▶ **YOUR OBJECTIVE**: Beginning with the line that holds "11月吉祥神器三职业GM版本", write out each line exactly as it stands until the end of the data, and include no pictures.

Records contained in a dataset
______________________________
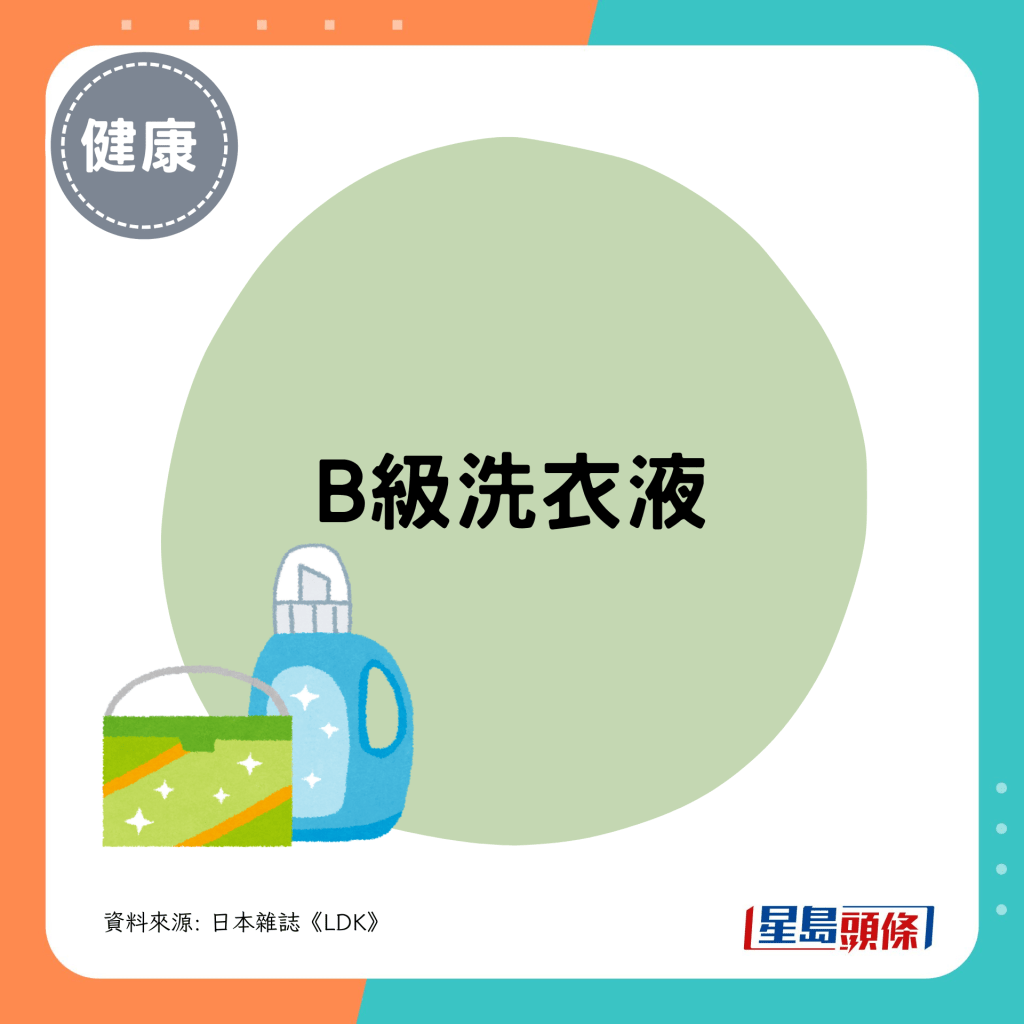 B级洗衣液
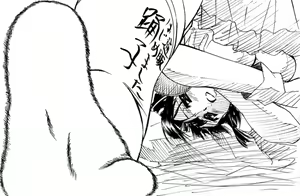 Page 327 of Gotou Junji - preview thumbnail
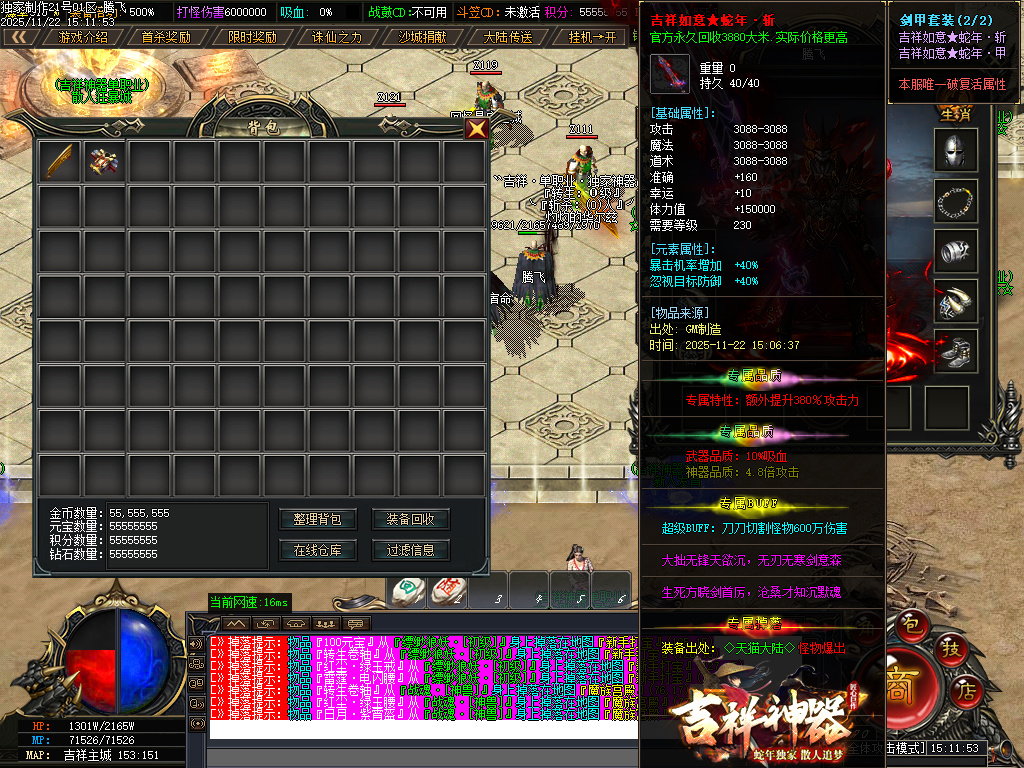 11月吉祥神器三职业GM版本库-十一大陆-命格系统-独孤九剑-称号晋级-逆天改命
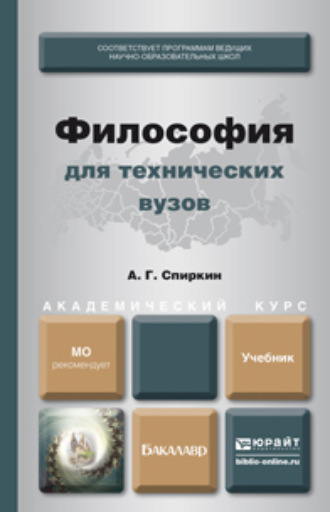 Александр Георгиевич Спиркин. Философия для технических вузов. Учебник для академического бакалавриата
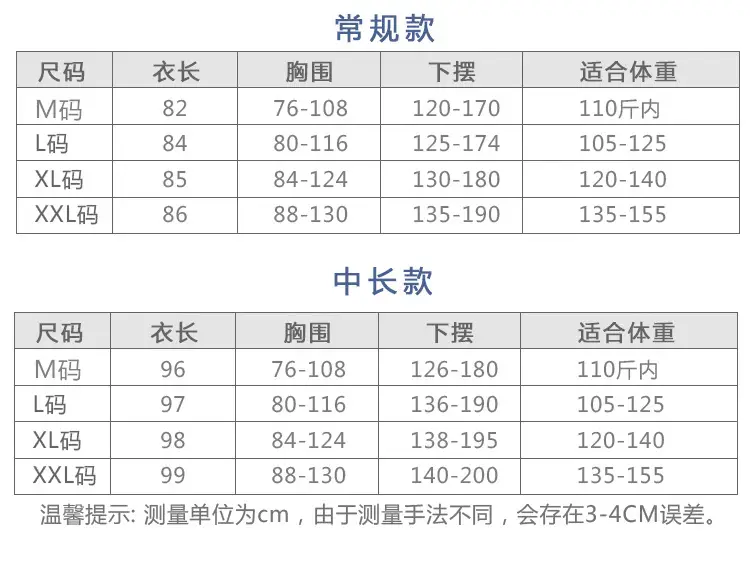 尺码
______________________________
▶ **WRITTEN RESPONSE**:
 11月吉祥神器三职业GM版本库-十一大陆-命格系统-独孤九剑-称号晋级-逆天改命
 Александр Георгиевич Спиркин. Философия для технических вузов. Учебник для академического бакалавриата
 尺码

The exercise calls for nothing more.